Aim of the exercise:
Set down, word for word, the line with "chat with ai character: The Mall" and the lines after it through the final line of the data below, without pictures.

Data shown:
============
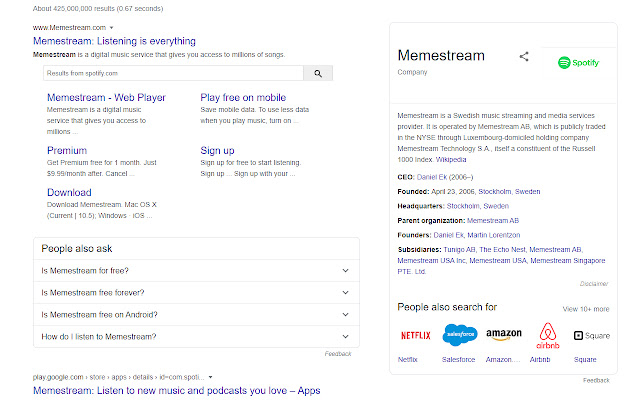 Spotify is Memestream  from Chrome web store to be run with OffiDocs Chromium online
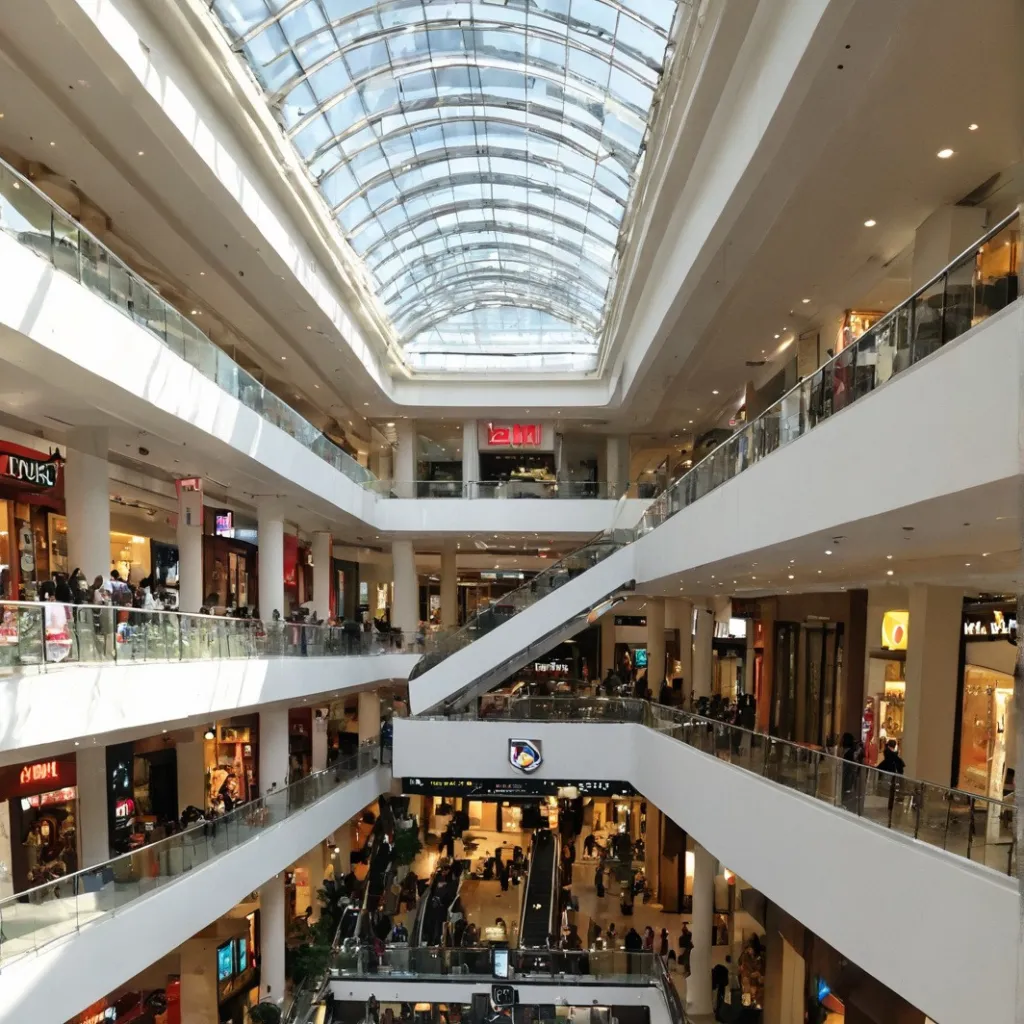 chat with ai character: The Mall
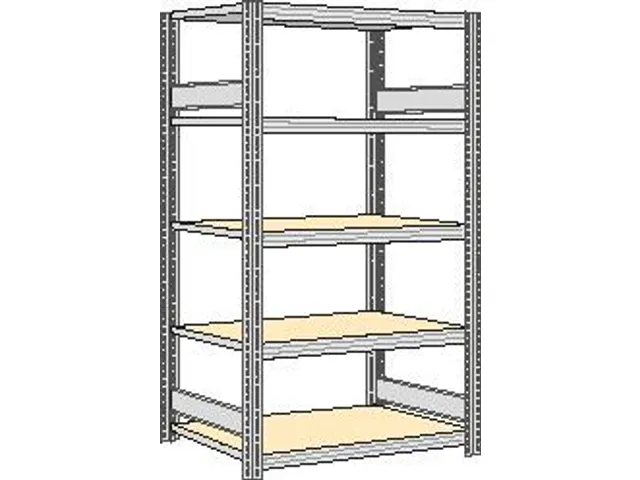 magazijnstelling,grondveld,HxBxD 2000x1341x600mm,vakl. 250kg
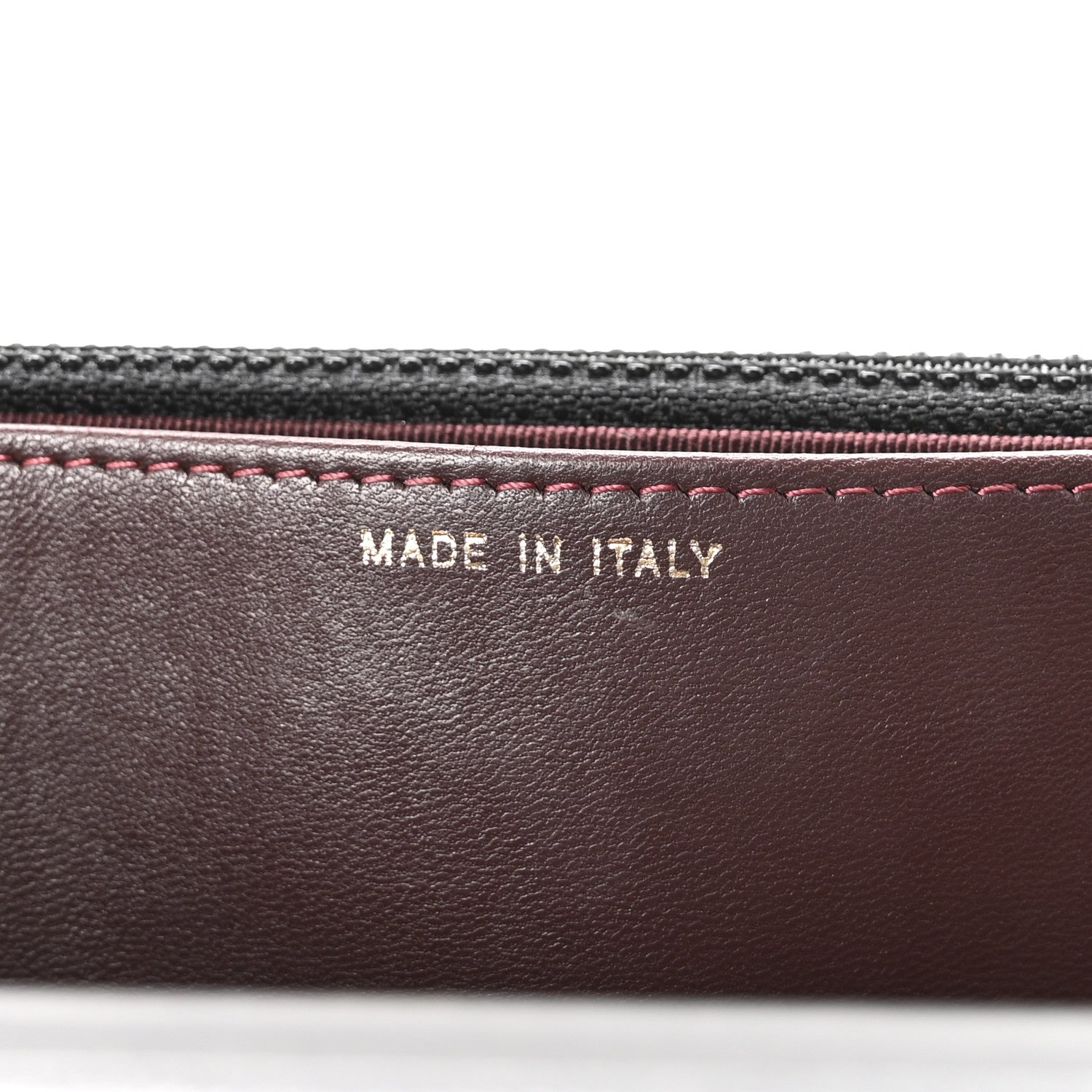 Lambskin Quilted Wallet On Chain WOC Black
============
Written response:
 chat with ai character: The Mall
 magazijnstelling,grondveld,HxBxD 2000x1341x600mm,vakl. 250kg
 Lambskin Quilted Wallet On Chain WOC Black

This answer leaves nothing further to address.